En el corazón palpitante de Coyoacán, entre jardines floridos, puestos de nieves artesanales y calles empedradas que crujen bajo los pasos, se alza majestuosa la Iglesia de San Juan Bautista, una de las construcciones más antiguas y cautivadoras de la Ciudad de México.
Desde lejos, su fachada de cantera tallada parece contar historias. Al acercarse, el visitante es recibido por un portal sobrio y una cruz atrial que anuncia: aquí se mezcla lo sagrado y lo terrenal, lo indígena y lo europeo, la piedra y el alma.
Construida originalmente en el siglo XVI por frailes franciscanos sobre un antiguo centro ceremonial prehispánico, la iglesia ha sobrevivido terremotos, revoluciones, remodelaciones y el paso de miles de vidas.
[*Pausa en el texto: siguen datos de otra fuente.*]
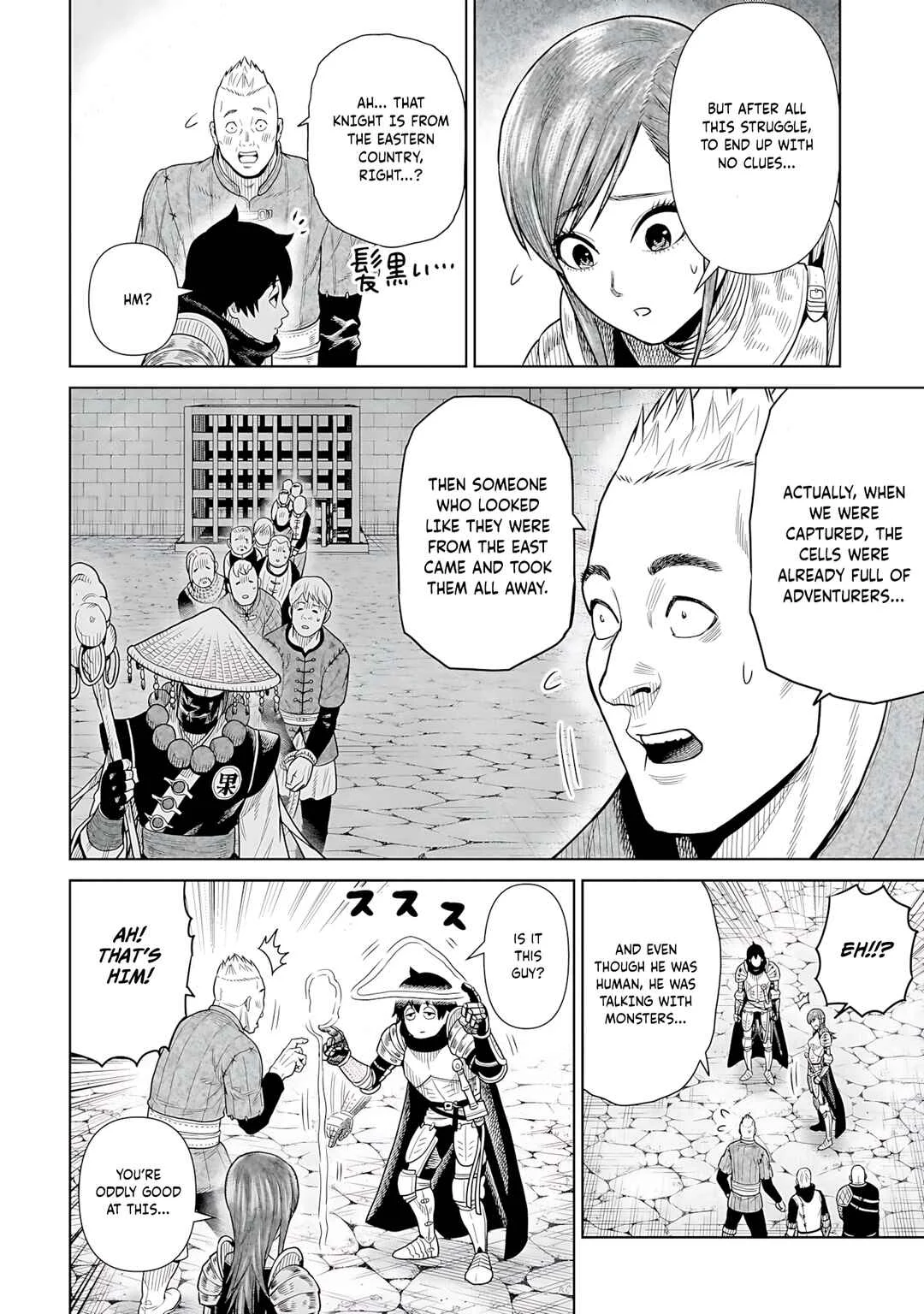 Ninja no Kishi Chapter 5 - Page 33
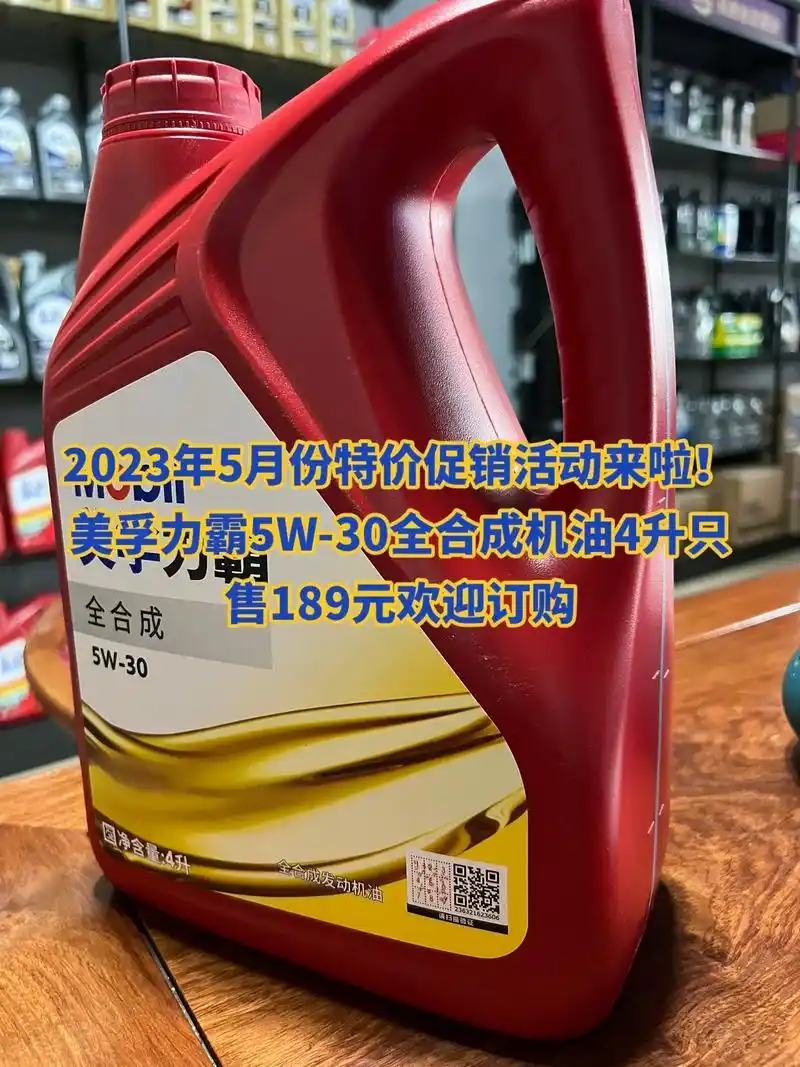 2023年5月份特价促销活动来啦!美孚力霸5w-30全合成机 - 抖音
Su interior, silencioso y fresco, es un remanso de paz: bóvedas doradas, altares barrocos y un Cristo crucificado que parece observar con misericordia al que entra cargado de preguntas.
Los fines de semana, las bancas se llenan de familias, novios que piden bendición y viajeros curiosos. Una señora con rebozo reza el rosario. Un niño pregunta por qué hay santos con espadas. Afuera, la vida sigue: un vendedor ofrece muñecas de trapo, una pareja se toma selfies frente a la fuente, el viento juega con las hojas del viejo ahuehuete.
Visitar la Iglesia de San Juan Bautista no es solo un acto religioso o turístico. Es una entrada al corazón simbólico de Coyoacán. Es sentir que el tiempo se dobla, que la piedra respira y que en cada rincón hay una historia esperando ser contada.
Y cuando uno sale, conmovido y sonriente, algo queda claro: esta iglesia no es solo un templo. Es un testigo. Un abrazo de siglos.